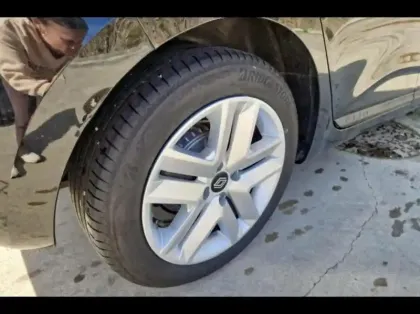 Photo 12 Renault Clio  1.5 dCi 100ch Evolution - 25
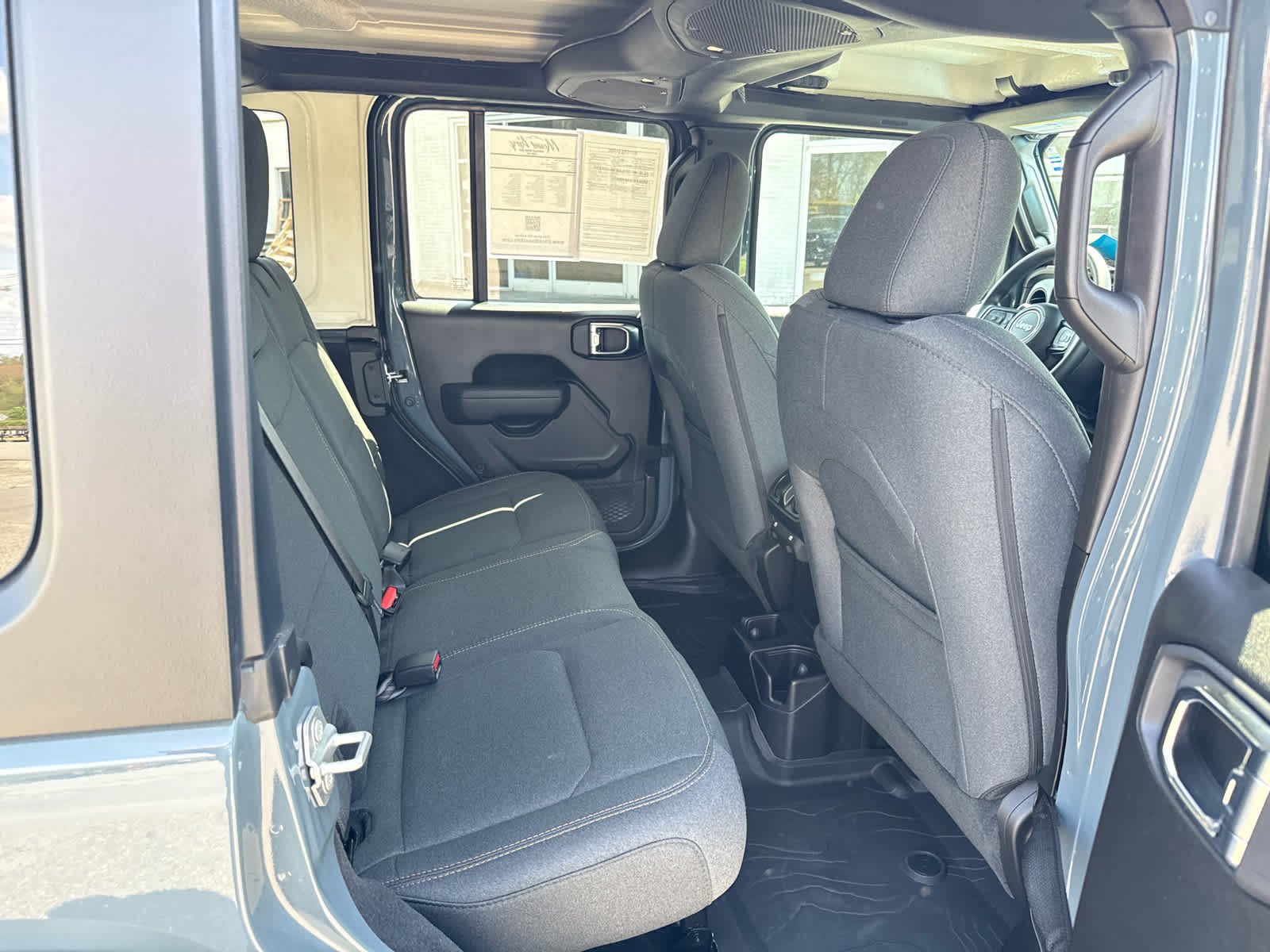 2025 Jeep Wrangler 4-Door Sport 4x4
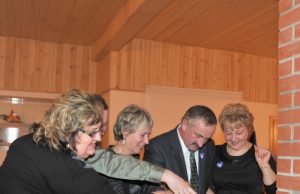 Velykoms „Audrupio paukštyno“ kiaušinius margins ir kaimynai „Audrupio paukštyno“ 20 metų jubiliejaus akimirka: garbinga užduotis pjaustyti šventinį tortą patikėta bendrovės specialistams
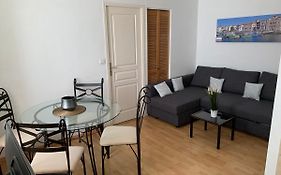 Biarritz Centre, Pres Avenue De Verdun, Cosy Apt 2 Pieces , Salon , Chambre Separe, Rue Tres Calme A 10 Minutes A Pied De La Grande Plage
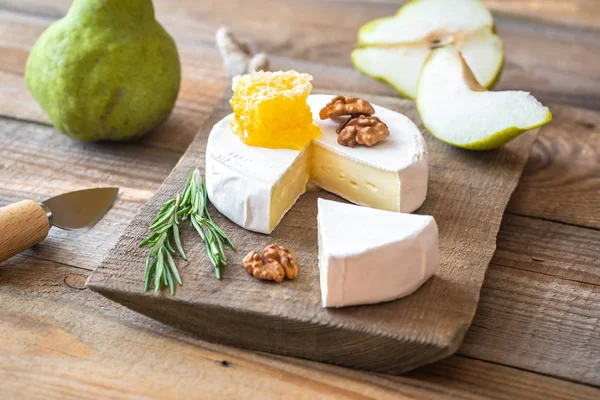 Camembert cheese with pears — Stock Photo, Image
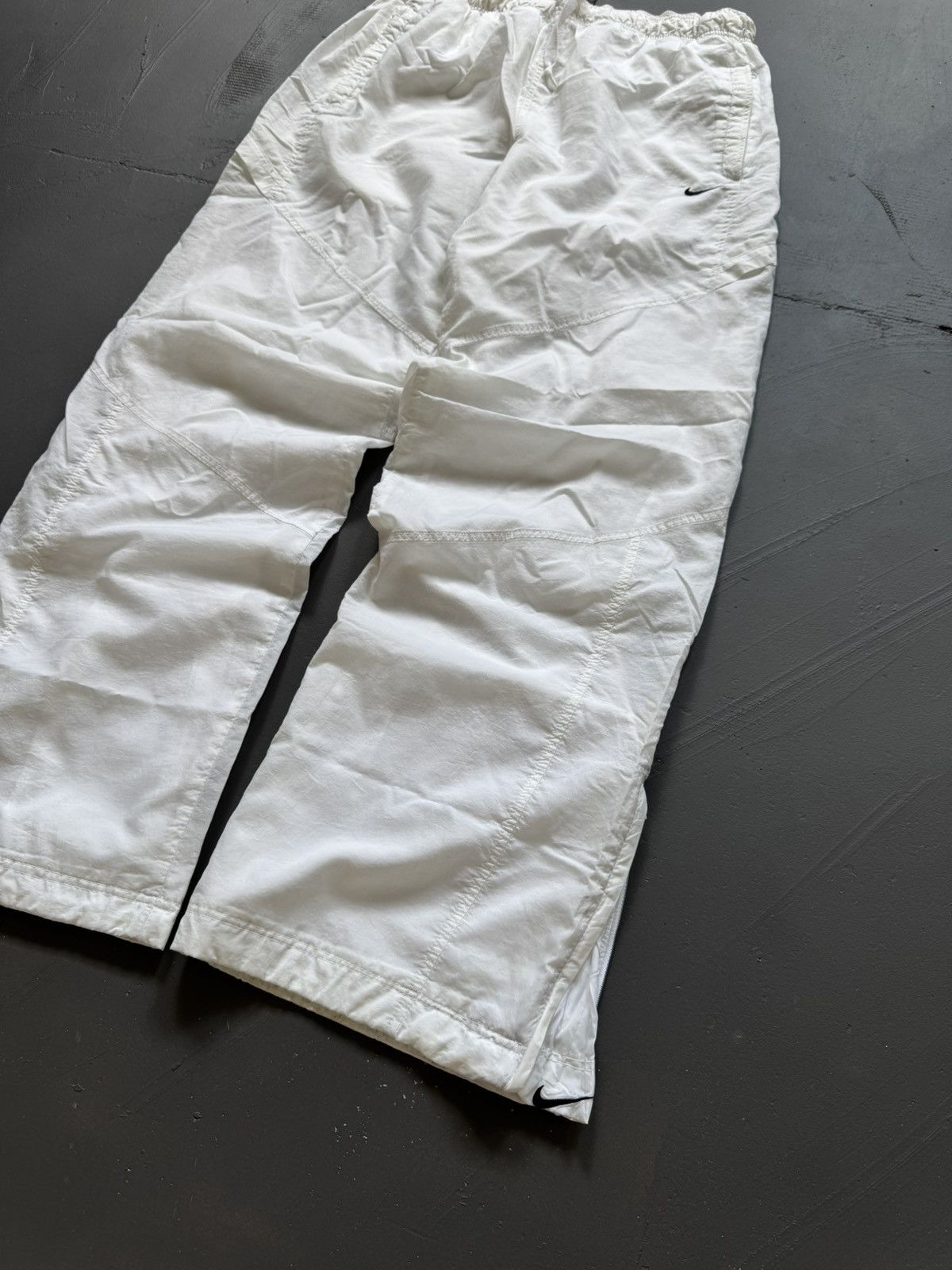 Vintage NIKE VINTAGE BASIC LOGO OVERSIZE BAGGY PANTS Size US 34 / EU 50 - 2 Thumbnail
---
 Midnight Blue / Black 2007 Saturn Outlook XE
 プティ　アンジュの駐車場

* [Your assignment]: In the listing above, find the line with "Photo 12 Renault" and the line with "Vintage NIKE VINTAGE". Set down exactly those lines and everything between them, skipping pictures.

* [Output below]:
 Photo 12 Renault Clio  1.5 dCi 100ch Evolution - 25
 2025 Jeep Wrangler 4-Door Sport 4x4
 Velykoms „Audrupio paukštyno“ kiaušinius margins ir kaimynai „Audrupio paukštyno“ 20 metų jubiliejaus akimirka: garbinga užduotis pjaustyti šventinį tortą patikėta bendrovės specialistams
 Biarritz Centre, Pres Avenue De Verdun, Cosy Apt 2 Pieces , Salon , Chambre Separe, Rue Tres Calme A 10 Minutes A Pied De La Grande Plage
 Camembert cheese with pears — Stock Photo, Image
 Vintage NIKE VINTAGE BASIC LOGO OVERSIZE BAGGY PANTS Size US 34 / EU 50 - 2 Thumbnail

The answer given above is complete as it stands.